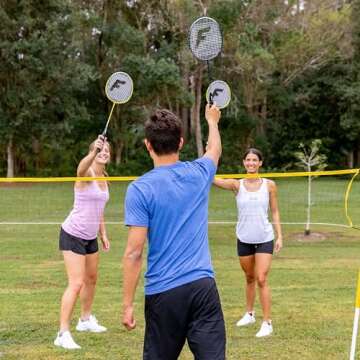 Franklin Sports Badminton Set - Backyard + Beach Badminton Net Set - Rackets and Birdies Included - Portable 4 Player Badminton Game - Family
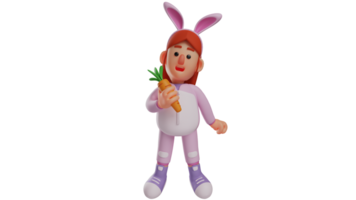 3D illustration. Adorable Bunny Girl 3D cartoon character. Bunny girl brings a fresh carrot. Bunny girl shows her sweet smile and looks cute. 3D cartoon character png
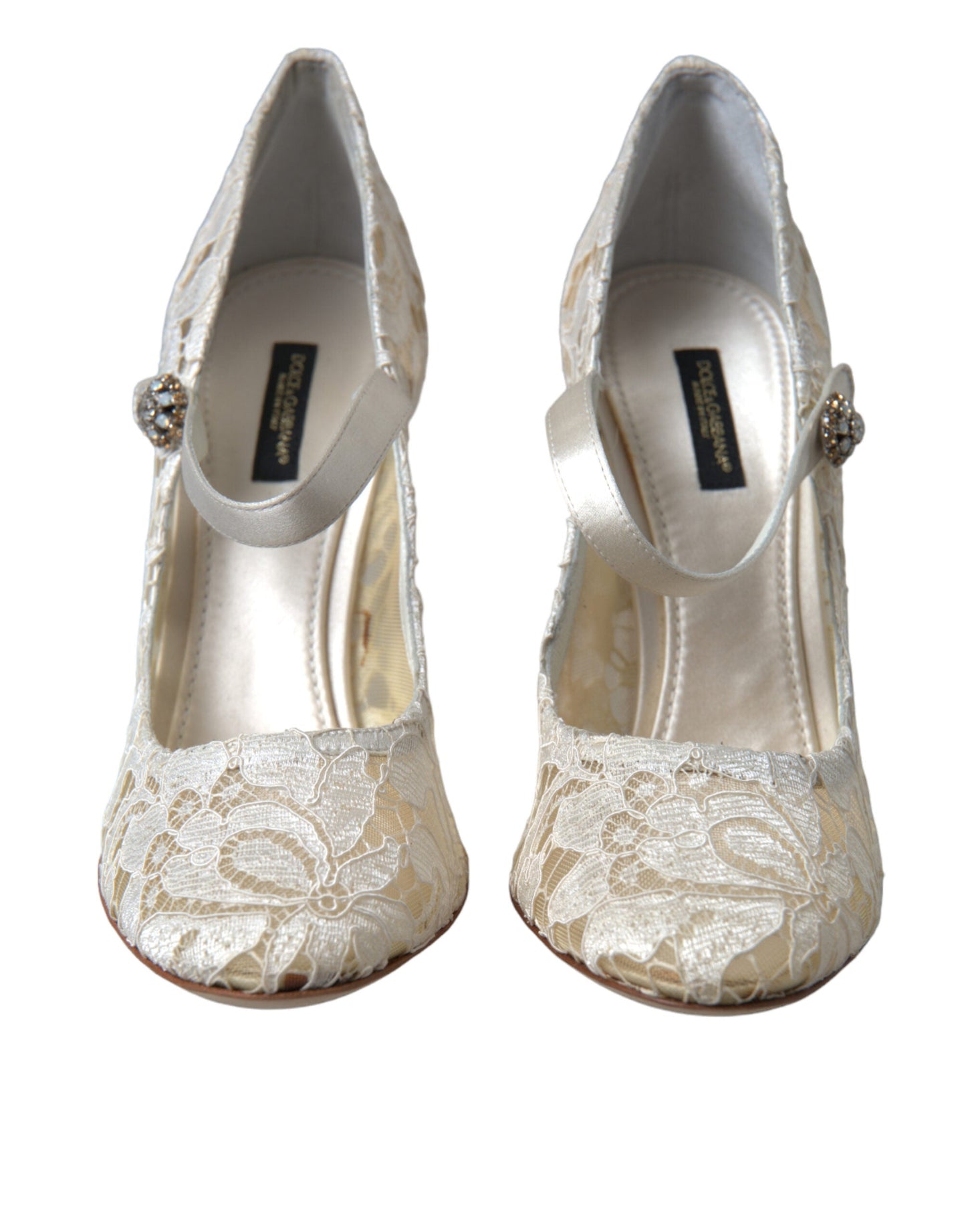 Dolce & Gabbana Chic Lace Block Heels Sandals in Cream White - EU40/US9.5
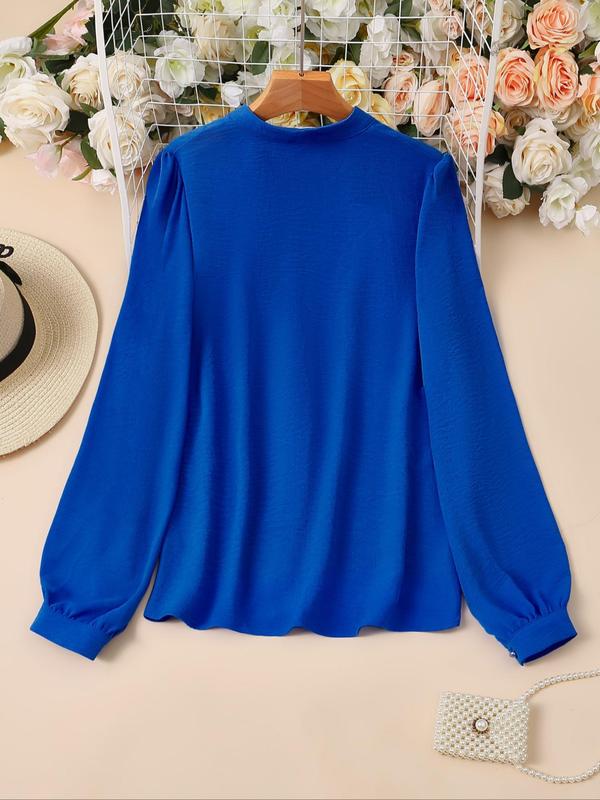 Women's Plain Notched Neck Bishop Sleeve Blouse, Casual Flap Detail Long Sleeve Top for Daily Wear, Ladies Clothes for All Seasons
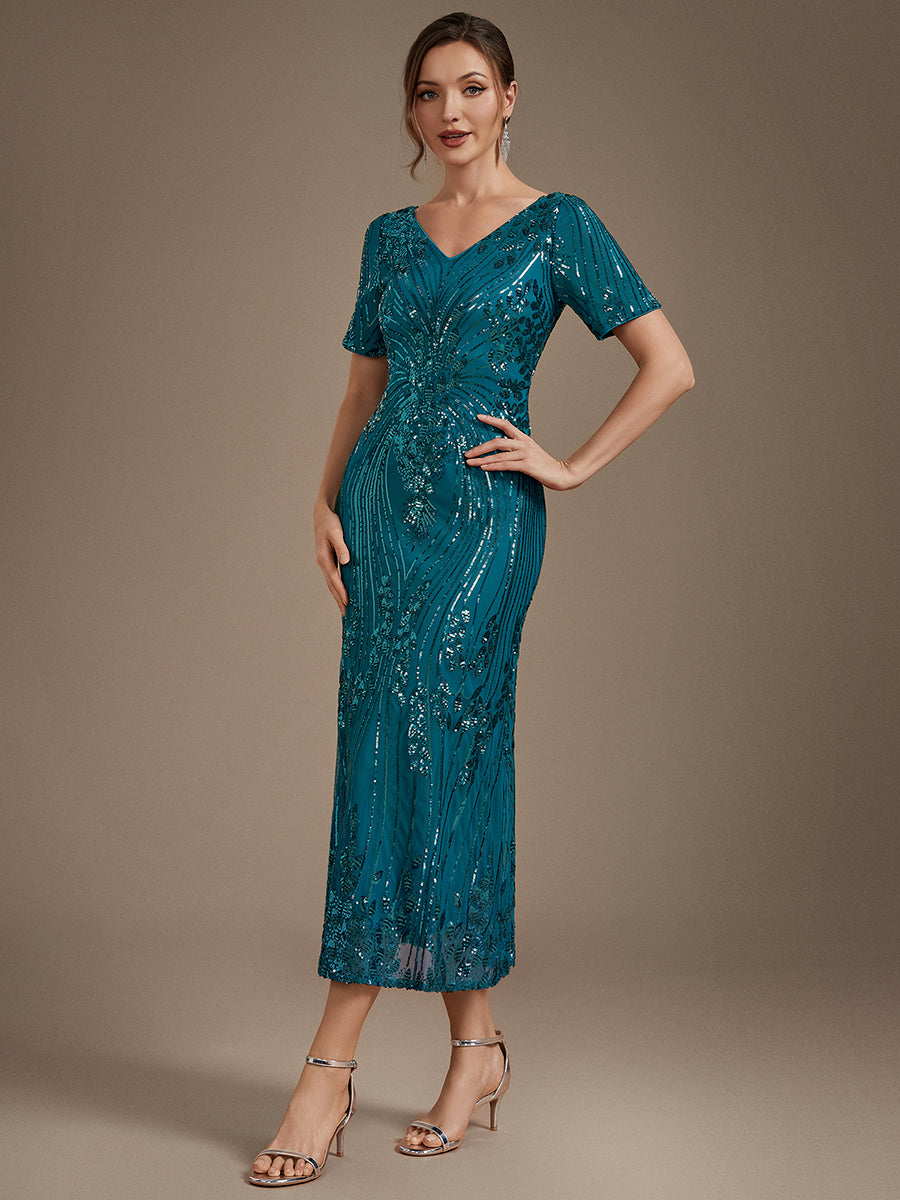 Sequin Fitted Sleeve Mermaid Wedding Guest Dress #color_Teal Blue
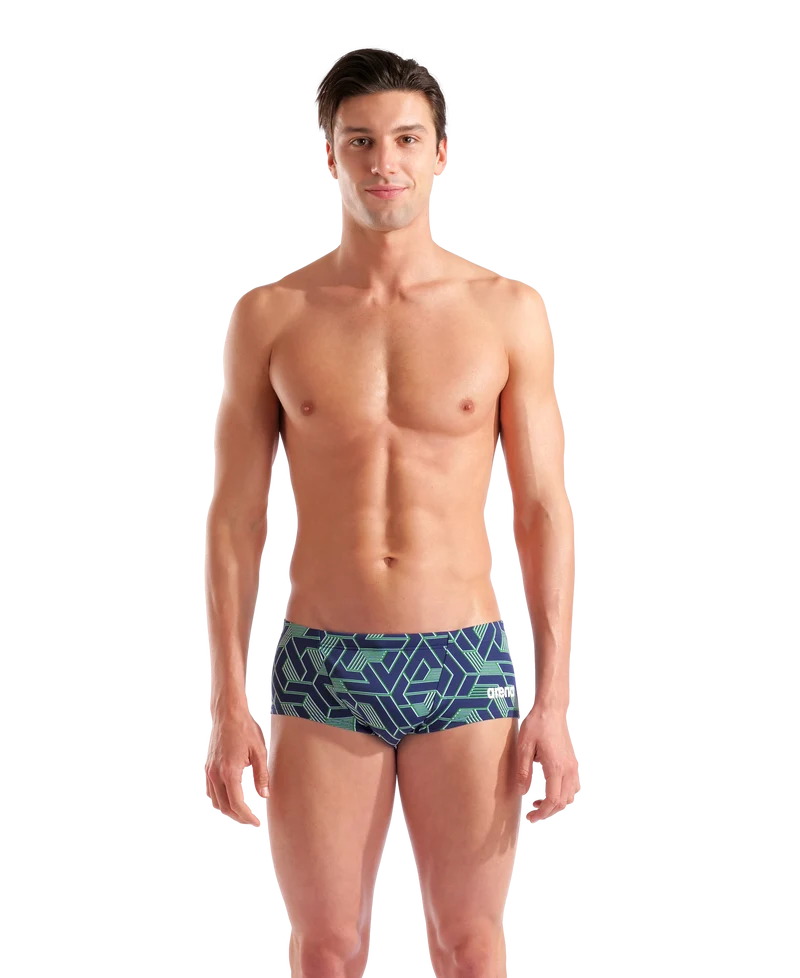 Arena Herren Badehose Low Waist Short Escape Team Blue Green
□ □ □ □ □
Word for word, restate the records above and drop the pictures.

 Franklin Sports Badminton Set - Backyard + Beach Badminton Net Set - Rackets and Birdies Included - Portable 4 Player Badminton Game - Family
 3D illustration. Adorable Bunny Girl 3D cartoon character. Bunny girl brings a fresh carrot. Bunny girl shows her sweet smile and looks cute. 3D cartoon character png
 Dolce & Gabbana Chic Lace Block Heels Sandals in Cream White - EU40/US9.5
 Women's Plain Notched Neck Bishop Sleeve Blouse, Casual Flap Detail Long Sleeve Top for Daily Wear, Ladies Clothes for All Seasons
 Sequin Fitted Sleeve Mermaid Wedding Guest Dress #color_Teal Blue
 Arena Herren Badehose Low Waist Short Escape Team Blue Green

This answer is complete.